This is being glossed over because we are arguing the general case but it’s what makes this law so obviously unconstitutional. If they were passing legislation similar to the above mentioned Illinois campus police act that enabled any church to start a police force then maybe some of these arguments defending it would work (I still doubt it). But they are clearly favouring one church.
If they made a more general law though, I have a good idea of where the Scientologists and Moonies are going to move their headquarters to.
Was going to add in my above but missed the window…even if that state passed legislation to allow that church, or even all churches in that state, to create a police department, they would be hobbled by the inability to access federal (and probably, by extension, state) criminal justice systems.
I can’t be sure. It might just take a change of a definition in the regulations rather than an actual change in law. Just have “campus police” include religious campuses.
All churches/religious institutions, or just ones of a certain size or above? Is there a legal definition of “campus”, because I’ve heard references to “Nike Campus” referring to their large complex.
Which they would continue to do if they had their own police. I have not seen any suggestion that the membership wants to replace the police - just supplement it with their own force.

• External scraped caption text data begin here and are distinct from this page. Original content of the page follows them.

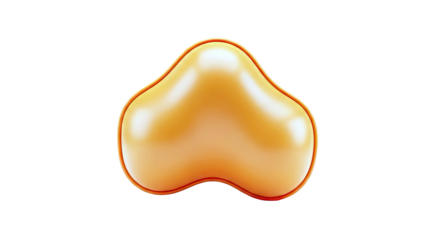 3D Orange Bulbous Shape with Outline
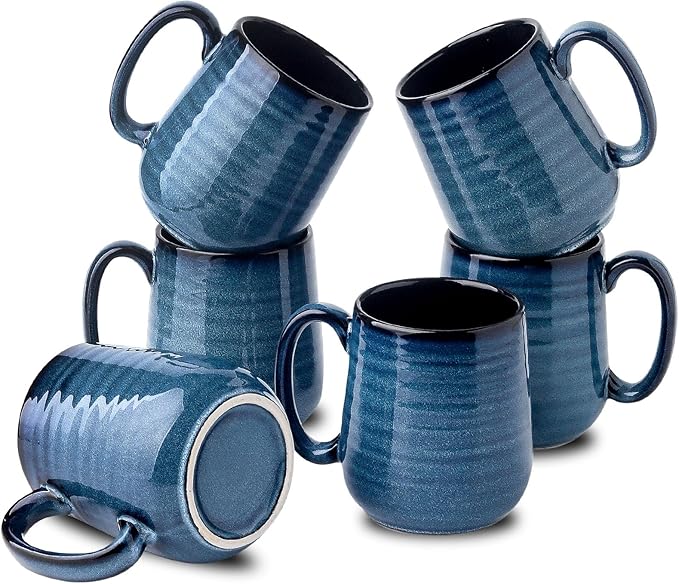 HASENSE Coffee Mugs, 12 Ounce Ceramic Coffee Mug Set of 6, Reactive Glaze Tea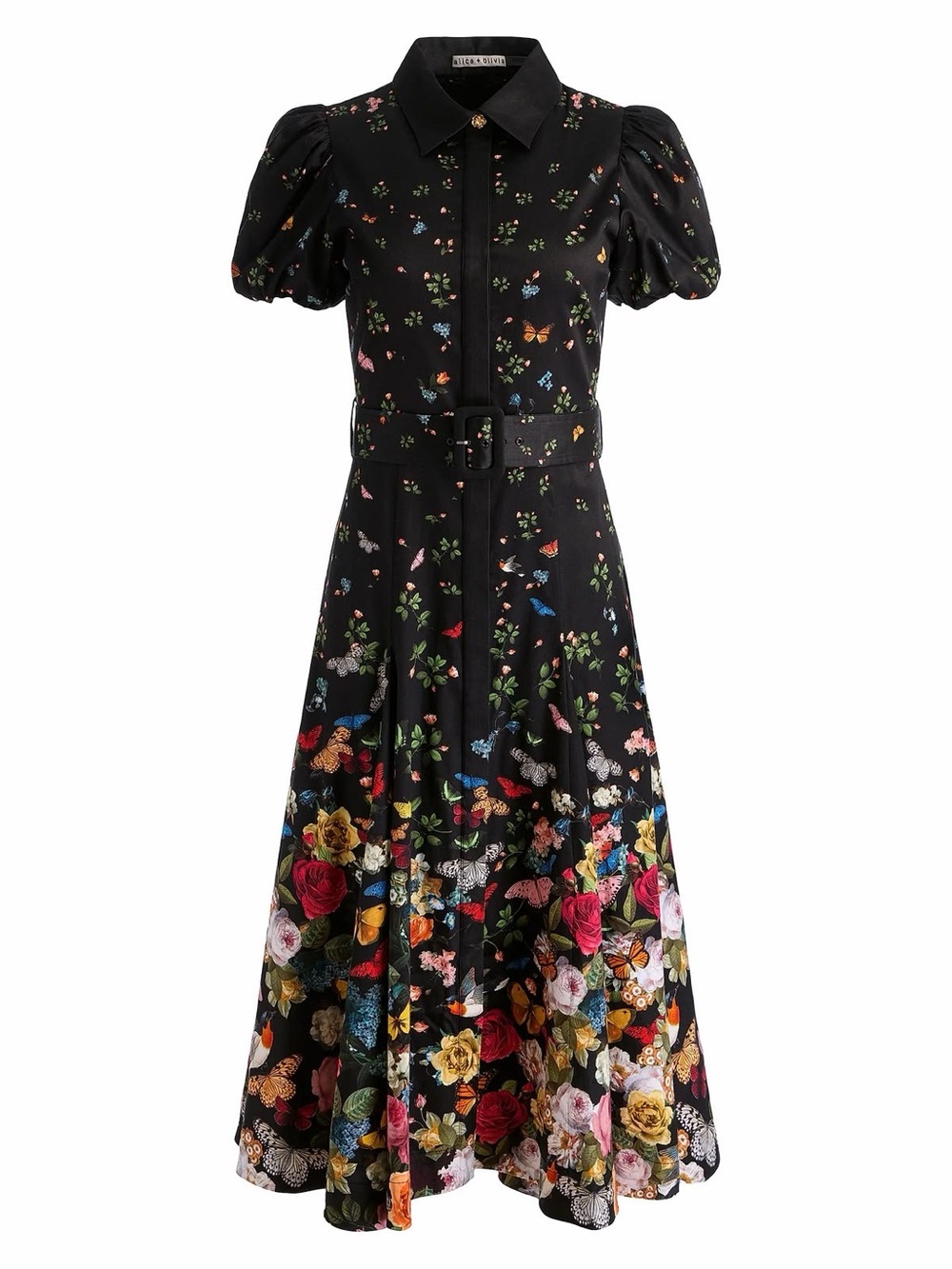 Alice + Olivia Black Floral & Butterfly Belted Puff-Sleeve Maxi Dress - Picture 2 of 6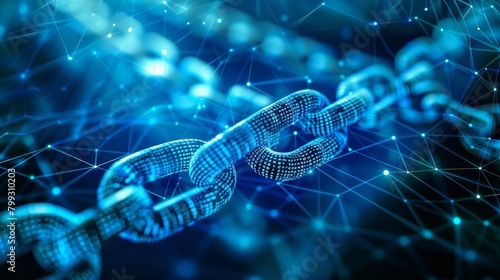 A glowing blue chain of digital links representing a blockchain.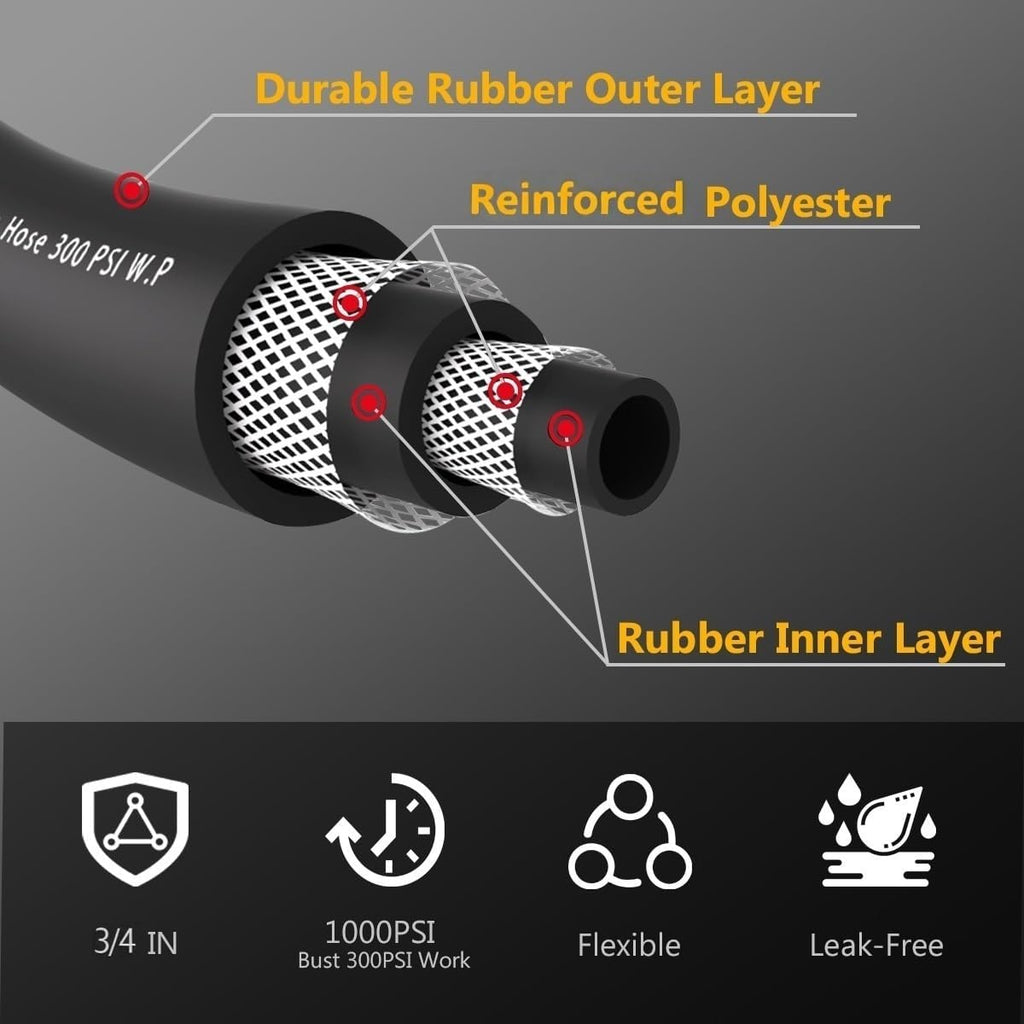 Guitrees 50FT 3/4 Heavy Duty Rubber Garden Hose - 300psi Working, 1000psi Burst - Hot/Cold Water - Five-Layered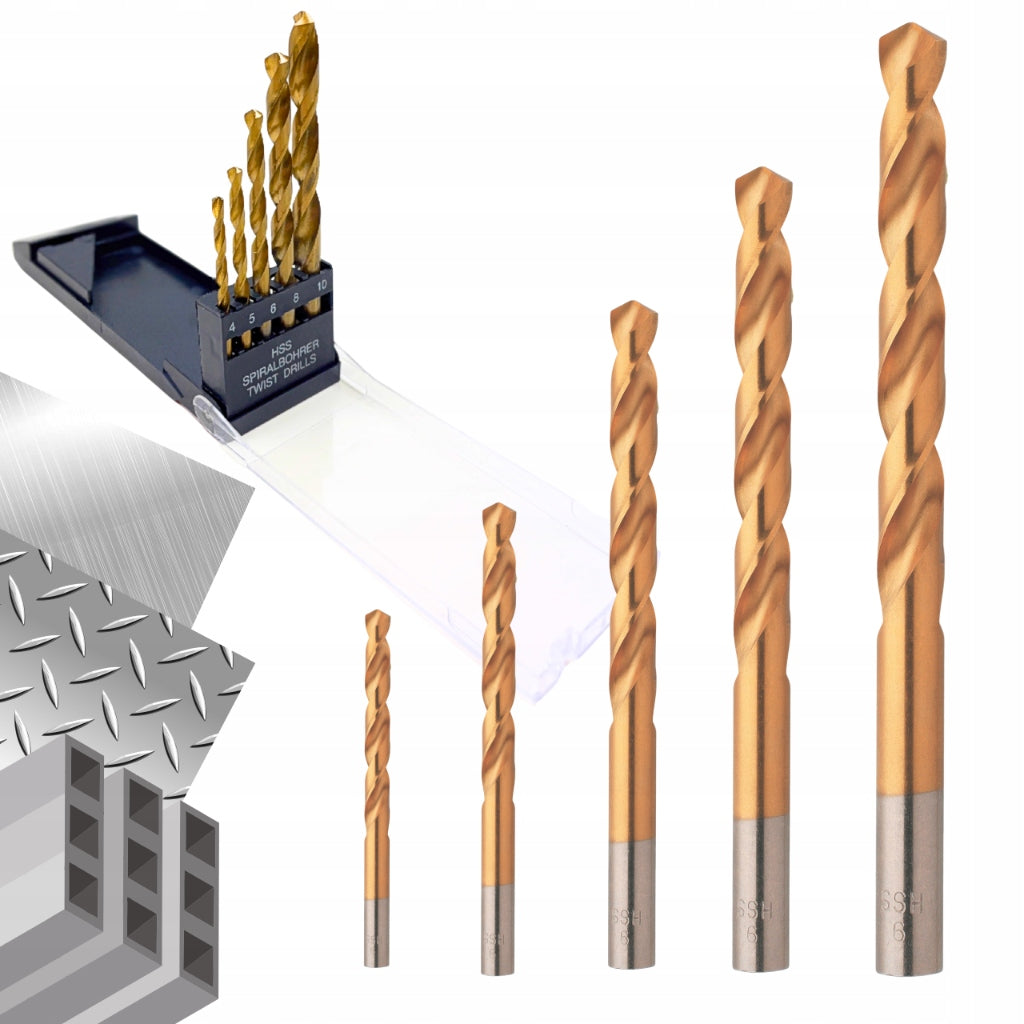 DRILL BIT FOR METAL STEEL HSS-G 4-5-6-8-10mm 5PCS DRILL BIT SET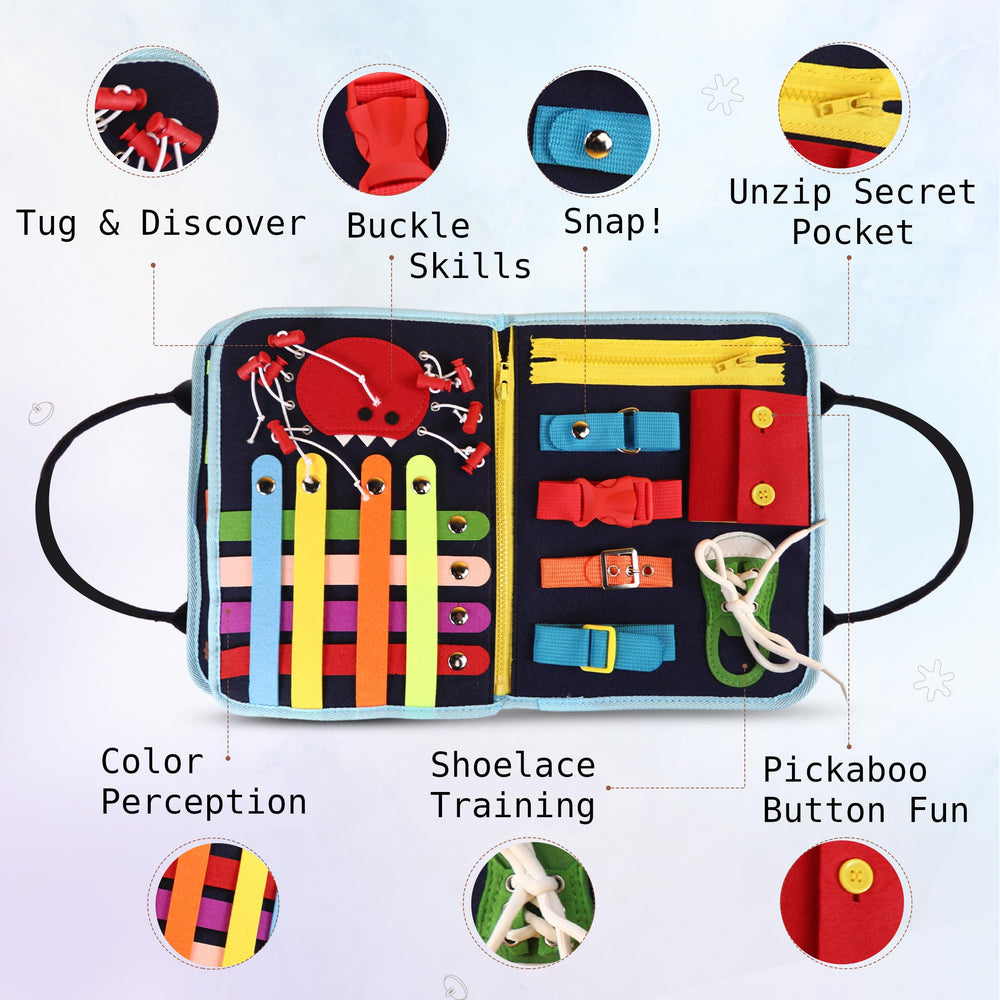 JAGSYJOY Busy Book large grasp pieces support little hands.
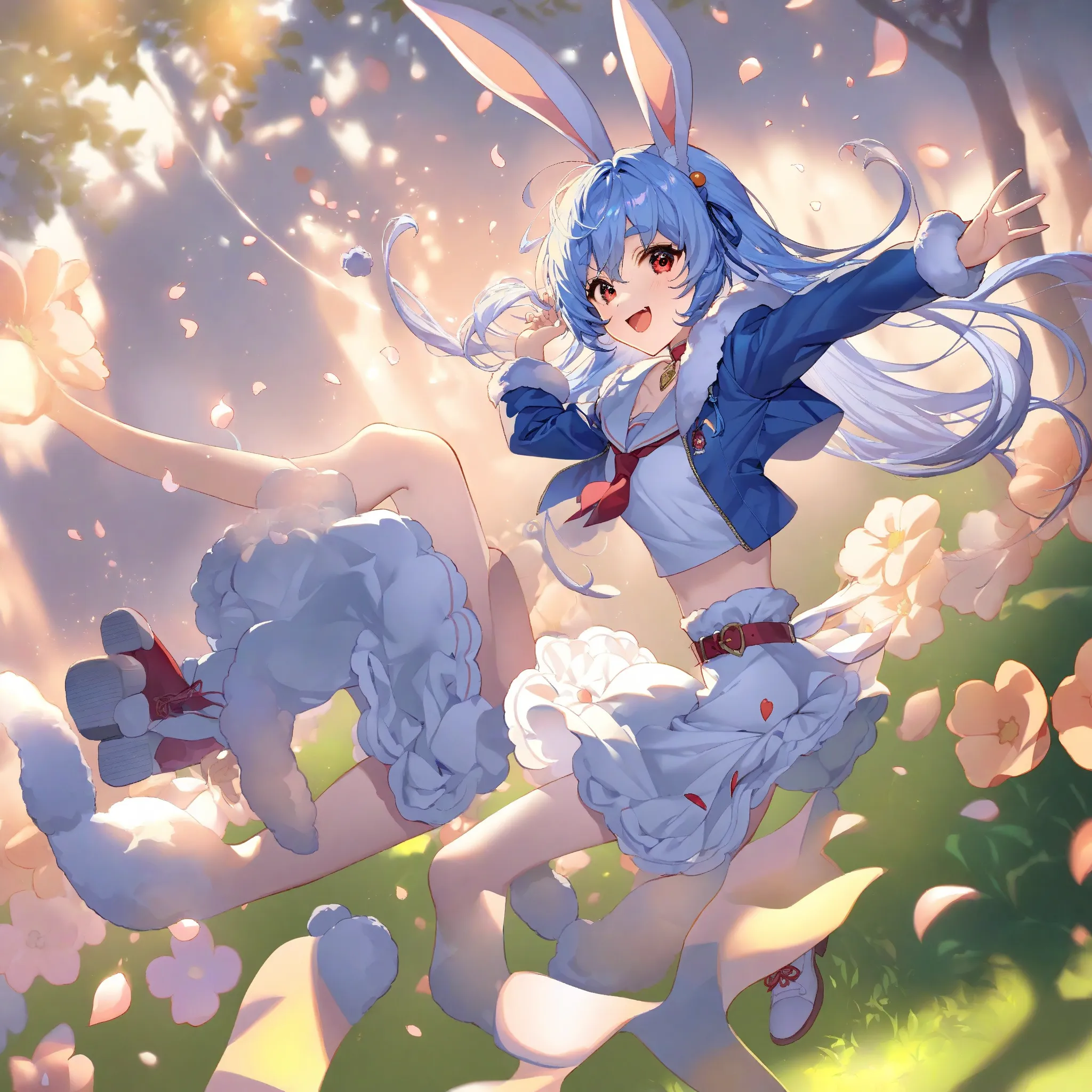 best quality, masterpiece, by teffish and ask and hyatsu and caaaaarrot and chi4 and reiko and hlymoriia, 
by nardack, usada pekora, 1girl, virtual youtuber, solo, jacket, blue hair, looking at viewer, blue jacket, open jacket, ribbon, animal ears, short h...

The same political logic that says we accept private universities having their own police force, or shopping malls hiring off-duty police, or banks having security guards.
School campus police cannot discriminate when it comes to sex, race or religious preference. Would the church police have to follow these rules, or would they be allowed to recruit “in-house”?
So university police (which became common during the heightened public yourh protests in the 60’s and 70’s), the use of off-duty police security (which varies wildly even between municipalities) and banks having guards (going on since the dawn of banks) all have the same political logic as the never-happened-before church police?
I tried to look up the Federal law concerning Equal Employment Opportunity in this case and came up with nothing … the government can never take religious preference into account when hiring (Title VII (?)) … but I couldn’t find this restriction for private institutions … apparently the Catholic Church can require any new priests hired to be Catholic …
How this applies to a Church Police Department may well have to be answered in the courts … or I just failed to find the appropriate laws (more than likely) …
I think that a similar justification can apply for this church. In addition, it wants to have a decided force on its campus rather than straining the local town’s police force, which also would be better for the locality, I’d imagine.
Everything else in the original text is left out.